Esses profissionais vêm ganhando cada vez mais espaço e relevância na formação de uma rede de agentes de cultura. Sisto mostra como os contadores de histórias podem contribuir com o encantamento: “Ninguém resiste ao fascínio de uma história bem contada. Uma história que toca o ouvinte, que desperta seu interesse, vai também suscitar o desejo de mais histórias. Vai dar vontade de ir até o livro, vai dar vontade de contar para os outros. Vai ficar ecoando lá dentro até se misturar com a própria história do ouvinte. Vai contribuir para o desvendamento do mundo, para a inventividade, para a criação, para a ampliação das capacidades expressivas. Enfim, essa cadeia começa no contador de histórias”.
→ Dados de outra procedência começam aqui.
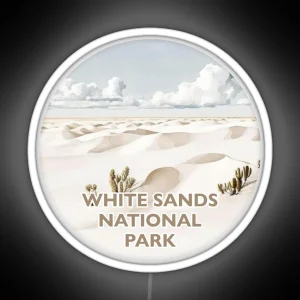 White Sands National Park Boho Watercolor Circle RGB Neon Sign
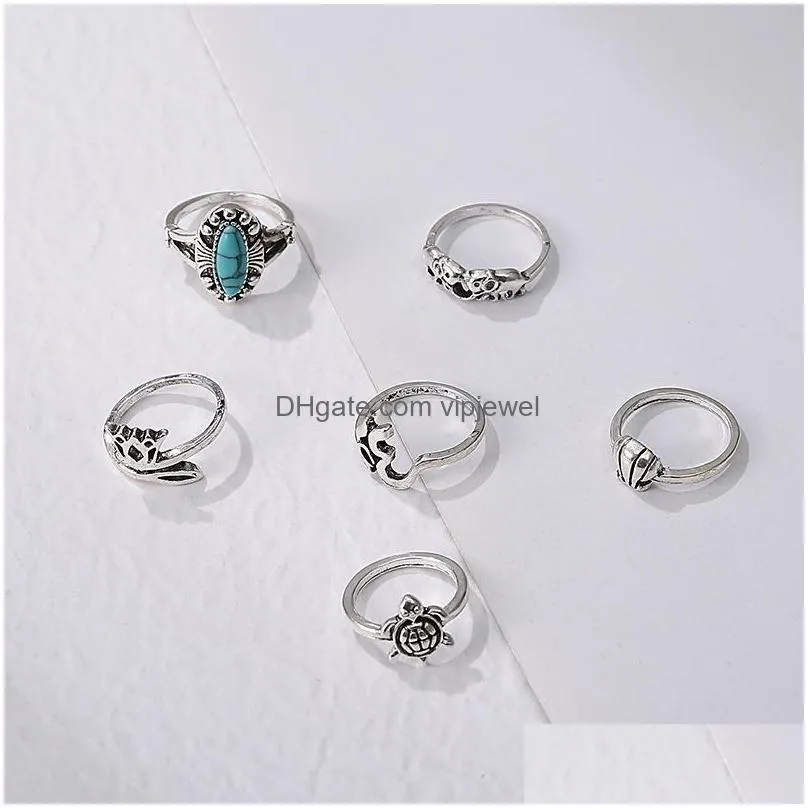 fashion jewelry knuckle ring set geometric animal turtle elephant crown turquoise stacking rings set 6pcs/set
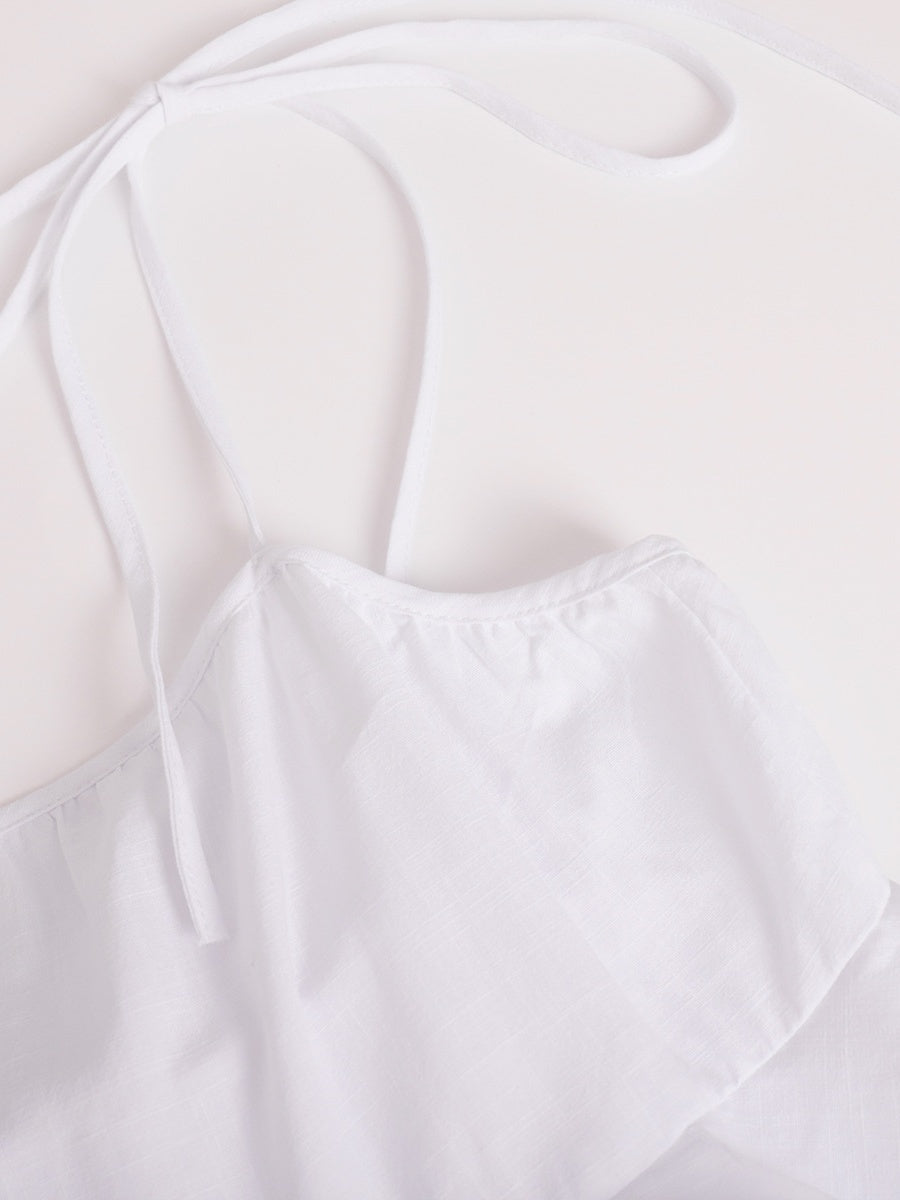 Pure Cotton Cake Skirt Backless Camisoles Beach Cover-up Mini&Short Dresses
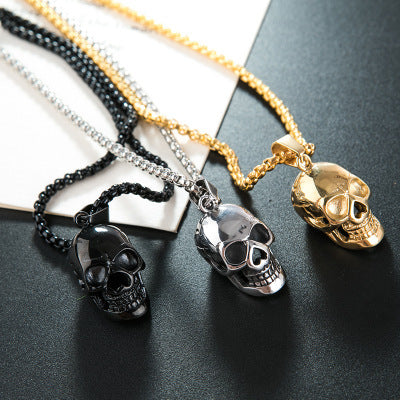 Halloween Skull Necklace - Men's Punk Titanium Steel Chain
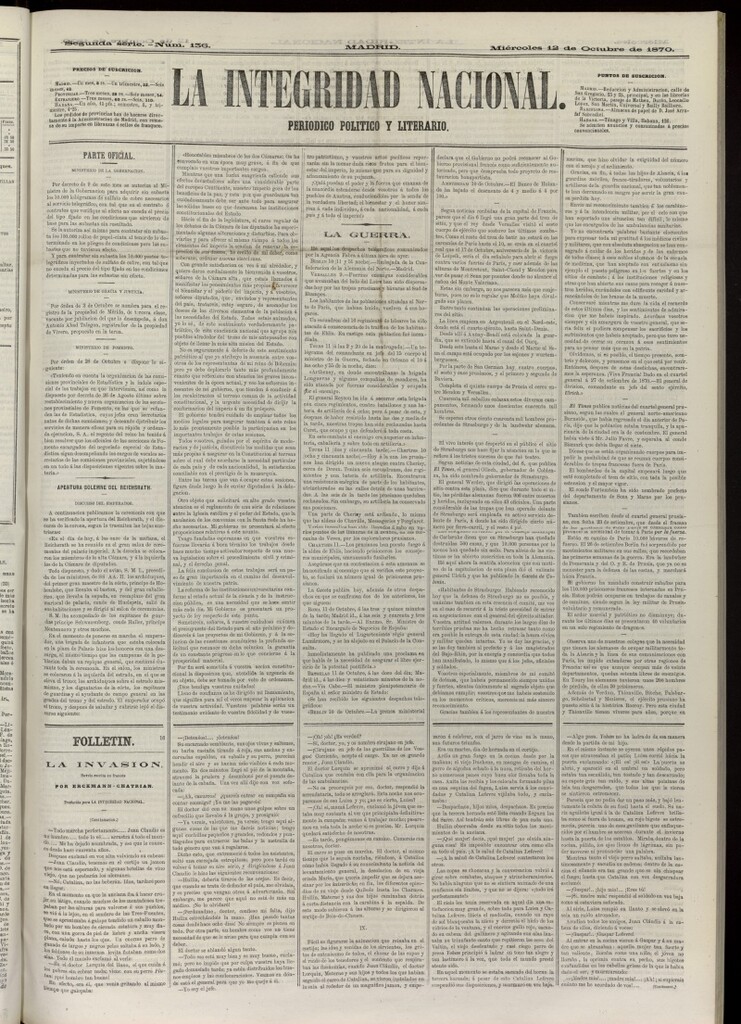 Miniatura de La Integridad Nacional: periódico político del 12 de octubre de 1870, nº 136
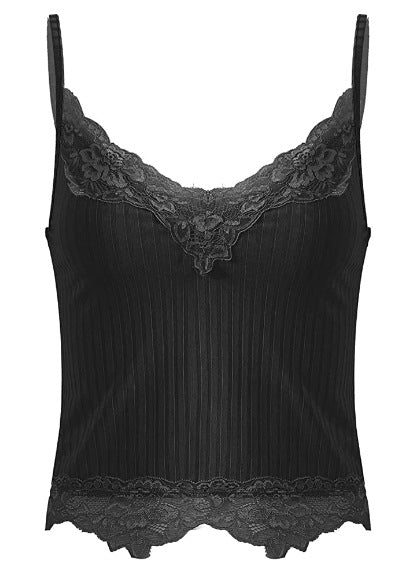 Street-Wave Elegant Lace Tank Top For Women With V-Neck And Scalloped Hem Stretchy Polyester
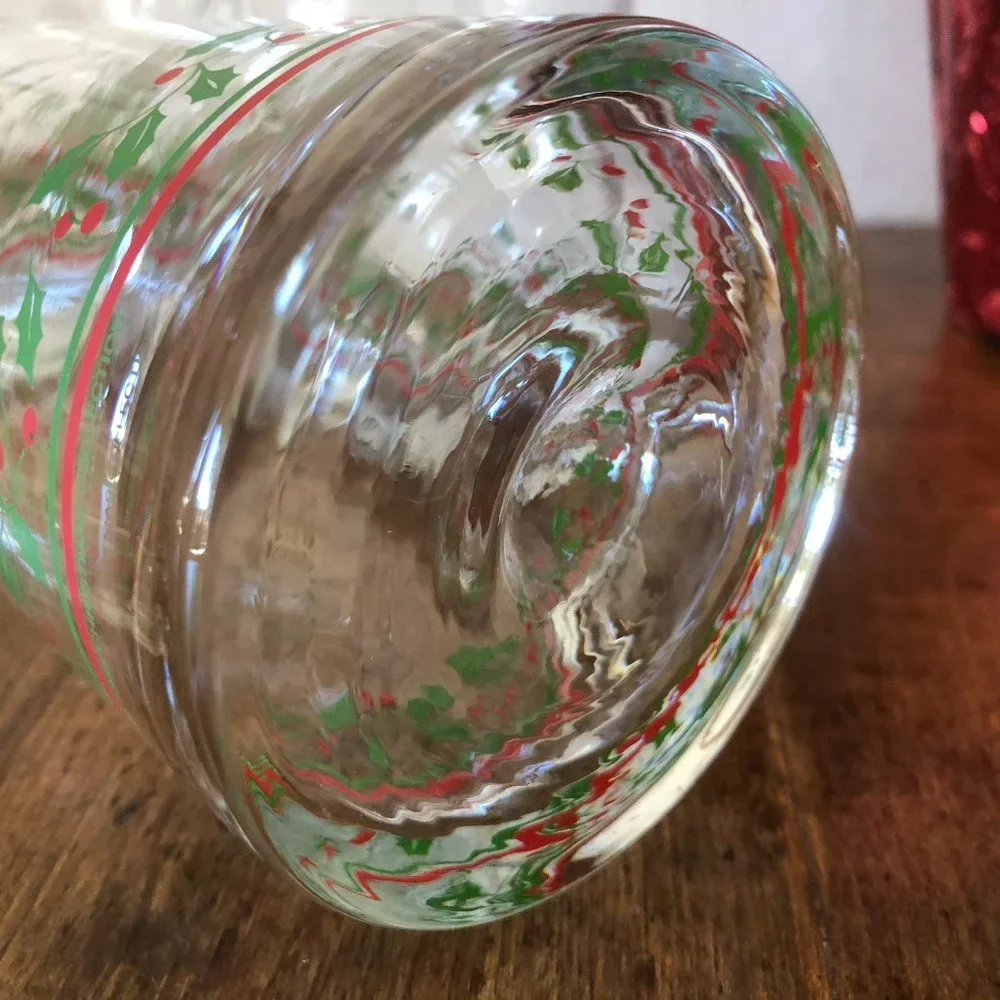 Vtg Set 4 ARBY Christmas Holiday Glass Holly Berry Drinking Glasses ARBY'S 1980s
terça-feira, 19 de julho de 2011

O bom vírus da leitura, segundo Heloisa Seixas



A escritura de Heloisa Seixas não se prende a faixas etárias. Autora versátil, ela tem sete livros de literatura adulta publicados, quatro romances e três de contos, e até mesmo um de não-ficção. Mas também escreveu um livro infantil, “Histórias de bicho feio” (Companhia das Letrinhas, 2006) e outros para jovens como “Frenesi” (Rocco, 2006), com contos de terror; “Uma ilha chamada livro” (Record, 2009), com crônicas sobre ler e escrever; e “O prazer de ler” (Casa da Palavra, 2011), sobre leitura. Durante a 6ª Jornadinha, será discutido o seu livro “Contos mais que mínimos” (Tinta Negra, 2010), que contém minicrônicas, destinado a jovens adultos. Ela estará presente no dia 26 de agosto, das 14 horas às 16h30 na Lona Verde.

Em sua opinião, o mais importante é mostrar que ler é um prazer, e não uma obrigação. “É importante levar livros para as crianças, sejam clássicos ou não. Quando se consegue inocular nos jovens o vírus da leitura, isso fica como algo eterno, que não se apaga.”

Também acredita que a tecnologia possa ser uma aliada da leitura, quando bem empregada. “Você pode ler um clássico da Jane Austen num Ipad e ele continuará sendo um clássico da Jane Austen. E, mesmo com toda a informação disponível, o livro será sempre atraente para o jovem - pois só ele permite que o leitor seja coautor e não um mero espectador.”